A different kind of election?

Michael Leddy's comment to my previous post made me think that despite all the distance and the word-bites that constitute almost our entire picture of the American election, maybe it is possible to get the sense of it about right.

In what I have read and seen, I've been surprised and discomforted by the cynicism of the Clinton campaign, a kind of scorched earth policy that would bring the house down so no one else can live in it.

Yesterday, Guy Rundle was talking about the appearance of Hillary on Good Morning America, in which she apparently promised to "obliterate Iran". I'm surprised I missed it actually, as it's on at about 5.00am on our television and I'm usually up trying to get young Sweeney Payne, aged six weeks, back to sleep.

I can't imagine what she thought she was doing saying crap like that on morning television. I can only imagine the context, but it seems to me she often rushes to occupy the vacuum the failure of neo-conservatism has opened up, something Obama seems loath to do.

Hillary is angling to make Golda Meir look like a Geelong regional office special needs coordination program conflict resolution officer and part-time reiki masseuse, with an incredible ad which appears to suggest that Bin Laden started the War in the Pacific using Hurricane Katrina against Pearl Harbour, and the only person who can stop him/them/it is a pants-suited terminatrix from the future.

I was recently surprised to hear left-leaning friends of mine all enthusiastically endorsing Hillary, including Doug, whose passion for American politics and history should not be doubted.
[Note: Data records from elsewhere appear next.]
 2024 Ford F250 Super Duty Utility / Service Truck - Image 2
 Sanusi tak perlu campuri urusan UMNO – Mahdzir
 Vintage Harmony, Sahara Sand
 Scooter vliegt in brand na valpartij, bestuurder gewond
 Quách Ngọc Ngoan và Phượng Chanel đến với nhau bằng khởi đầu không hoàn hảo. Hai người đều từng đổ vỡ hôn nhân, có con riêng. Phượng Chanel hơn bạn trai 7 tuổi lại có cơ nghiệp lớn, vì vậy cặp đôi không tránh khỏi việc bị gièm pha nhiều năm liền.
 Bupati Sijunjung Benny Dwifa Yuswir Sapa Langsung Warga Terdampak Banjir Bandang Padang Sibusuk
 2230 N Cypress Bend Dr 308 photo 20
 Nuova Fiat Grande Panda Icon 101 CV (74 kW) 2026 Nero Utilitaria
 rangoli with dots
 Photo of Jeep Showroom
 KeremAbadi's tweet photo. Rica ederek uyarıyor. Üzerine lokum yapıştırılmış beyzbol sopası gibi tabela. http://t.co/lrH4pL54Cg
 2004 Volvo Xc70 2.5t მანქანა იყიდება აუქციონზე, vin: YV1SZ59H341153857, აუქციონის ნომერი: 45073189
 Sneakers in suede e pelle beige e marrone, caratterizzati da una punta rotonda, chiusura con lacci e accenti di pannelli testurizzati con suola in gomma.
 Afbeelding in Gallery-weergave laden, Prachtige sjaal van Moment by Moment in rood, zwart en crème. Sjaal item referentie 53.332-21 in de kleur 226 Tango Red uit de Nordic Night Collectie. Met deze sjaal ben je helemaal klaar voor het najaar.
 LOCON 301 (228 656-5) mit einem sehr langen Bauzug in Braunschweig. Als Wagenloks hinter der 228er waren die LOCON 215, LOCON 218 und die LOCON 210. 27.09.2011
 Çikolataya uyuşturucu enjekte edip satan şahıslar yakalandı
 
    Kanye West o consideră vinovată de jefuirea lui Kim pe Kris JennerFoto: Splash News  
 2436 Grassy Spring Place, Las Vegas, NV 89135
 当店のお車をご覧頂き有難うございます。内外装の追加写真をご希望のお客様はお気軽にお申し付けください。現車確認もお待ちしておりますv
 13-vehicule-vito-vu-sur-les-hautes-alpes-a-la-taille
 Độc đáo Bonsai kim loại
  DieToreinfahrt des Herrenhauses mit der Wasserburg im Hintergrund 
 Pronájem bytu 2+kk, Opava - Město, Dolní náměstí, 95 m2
Even amongst informed people working in politics, the feeling seemed to be almost universal. I put it down to the powerful pull of the gender question. Does it look like a woman President is a more momentous leap into a progressive future than a black one? Given the economic and (there's no better word) moral state of America at present (I'm thinking of Iraq, Guantanamo, waterboarding etc, etc), it seems to me that Hillary the insider, behaving as she is, is not so much a step backwards but pretty much the status-quo, same-old same-old candidate.

In a comment, Michael says:

Here in the States (United, that is), the ABC moderators have been widely criticized for focusing the first half of the debate on distractions and nonsense — e.g., flag lapel pins. No one on the stage was wearing a flag lapel pin!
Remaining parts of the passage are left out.